(Instructions for the task) It is required that all of the data be written out exactly.

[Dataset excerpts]
════════════════
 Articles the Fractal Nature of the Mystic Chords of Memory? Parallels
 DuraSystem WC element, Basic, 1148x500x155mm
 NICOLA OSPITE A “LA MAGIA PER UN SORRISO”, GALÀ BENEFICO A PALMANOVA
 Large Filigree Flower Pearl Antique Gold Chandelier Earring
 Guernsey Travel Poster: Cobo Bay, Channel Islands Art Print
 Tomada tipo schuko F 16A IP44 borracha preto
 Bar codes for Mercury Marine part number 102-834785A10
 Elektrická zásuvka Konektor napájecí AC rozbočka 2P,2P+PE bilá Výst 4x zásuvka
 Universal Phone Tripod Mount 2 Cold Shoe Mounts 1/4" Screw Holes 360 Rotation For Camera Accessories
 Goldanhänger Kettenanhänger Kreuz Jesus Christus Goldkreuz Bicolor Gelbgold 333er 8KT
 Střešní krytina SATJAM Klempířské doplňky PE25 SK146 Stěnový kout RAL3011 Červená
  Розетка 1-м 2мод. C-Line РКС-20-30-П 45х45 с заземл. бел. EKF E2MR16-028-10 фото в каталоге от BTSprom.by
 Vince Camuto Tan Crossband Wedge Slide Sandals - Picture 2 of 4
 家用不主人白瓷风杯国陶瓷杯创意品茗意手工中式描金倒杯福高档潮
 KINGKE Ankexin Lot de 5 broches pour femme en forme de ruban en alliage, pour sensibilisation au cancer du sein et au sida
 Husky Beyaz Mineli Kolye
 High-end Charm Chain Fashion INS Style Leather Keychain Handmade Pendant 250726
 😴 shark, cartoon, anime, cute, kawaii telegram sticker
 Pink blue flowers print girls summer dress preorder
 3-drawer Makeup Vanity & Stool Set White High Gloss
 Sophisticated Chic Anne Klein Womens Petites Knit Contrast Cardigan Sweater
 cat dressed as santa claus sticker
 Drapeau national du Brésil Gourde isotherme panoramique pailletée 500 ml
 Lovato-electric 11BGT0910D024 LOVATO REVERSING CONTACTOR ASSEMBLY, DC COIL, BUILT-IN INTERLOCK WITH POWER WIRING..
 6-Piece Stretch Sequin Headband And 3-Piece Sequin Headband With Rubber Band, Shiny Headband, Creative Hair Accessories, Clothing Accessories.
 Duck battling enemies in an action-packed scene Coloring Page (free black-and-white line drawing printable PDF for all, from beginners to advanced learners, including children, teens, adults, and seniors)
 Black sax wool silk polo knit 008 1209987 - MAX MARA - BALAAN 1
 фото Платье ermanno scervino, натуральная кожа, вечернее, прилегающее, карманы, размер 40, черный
════════════════
(Result below)
 Articles the Fractal Nature of the Mystic Chords of Memory? Parallels
 DuraSystem WC element, Basic, 1148x500x155mm
 NICOLA OSPITE A “LA MAGIA PER UN SORRISO”, GALÀ BENEFICO A PALMANOVA
 Large Filigree Flower Pearl Antique Gold Chandelier Earring
 Guernsey Travel Poster: Cobo Bay, Channel Islands Art Print
 Tomada tipo schuko F 16A IP44 borracha preto
 Bar codes for Mercury Marine part number 102-834785A10
 Elektrická zásuvka Konektor napájecí AC rozbočka 2P,2P+PE bilá Výst 4x zásuvka
 Universal Phone Tripod Mount 2 Cold Shoe Mounts 1/4" Screw Holes 360 Rotation For Camera Accessories
 Goldanhänger Kettenanhänger Kreuz Jesus Christus Goldkreuz Bicolor Gelbgold 333er 8KT
 Střešní krytina SATJAM Klempířské doplňky PE25 SK146 Stěnový kout RAL3011 Červená
  Розетка 1-м 2мод. C-Line РКС-20-30-П 45х45 с заземл. бел. EKF E2MR16-028-10 фото в каталоге от BTSprom.by
 Vince Camuto Tan Crossband Wedge Slide Sandals - Picture 2 of 4
 家用不主人白瓷风杯国陶瓷杯创意品茗意手工中式描金倒杯福高档潮
 KINGKE Ankexin Lot de 5 broches pour femme en forme de ruban en alliage, pour sensibilisation au cancer du sein et au sida
 Husky Beyaz Mineli Kolye
 High-end Charm Chain Fashion INS Style Leather Keychain Handmade Pendant 250726
 😴 shark, cartoon, anime, cute, kawaii telegram sticker
 Pink blue flowers print girls summer dress preorder
 3-drawer Makeup Vanity & Stool Set White High Gloss
 Sophisticated Chic Anne Klein Womens Petites Knit Contrast Cardigan Sweater
 cat dressed as santa claus sticker
 Drapeau national du Brésil Gourde isotherme panoramique pailletée 500 ml
 Lovato-electric 11BGT0910D024 LOVATO REVERSING CONTACTOR ASSEMBLY, DC COIL, BUILT-IN INTERLOCK WITH POWER WIRING..
 6-Piece Stretch Sequin Headband And 3-Piece Sequin Headband With Rubber Band, Shiny Headband, Creative Hair Accessories, Clothing Accessories.
 Duck battling enemies in an action-packed scene Coloring Page (free black-and-white line drawing printable PDF for all, from beginners to advanced learners, including children, teens, adults, and seniors)
 Black sax wool silk polo knit 008 1209987 - MAX MARA - BALAAN 1
 фото Платье ermanno scervino, натуральная кожа, вечернее, прилегающее, карманы, размер 40, черный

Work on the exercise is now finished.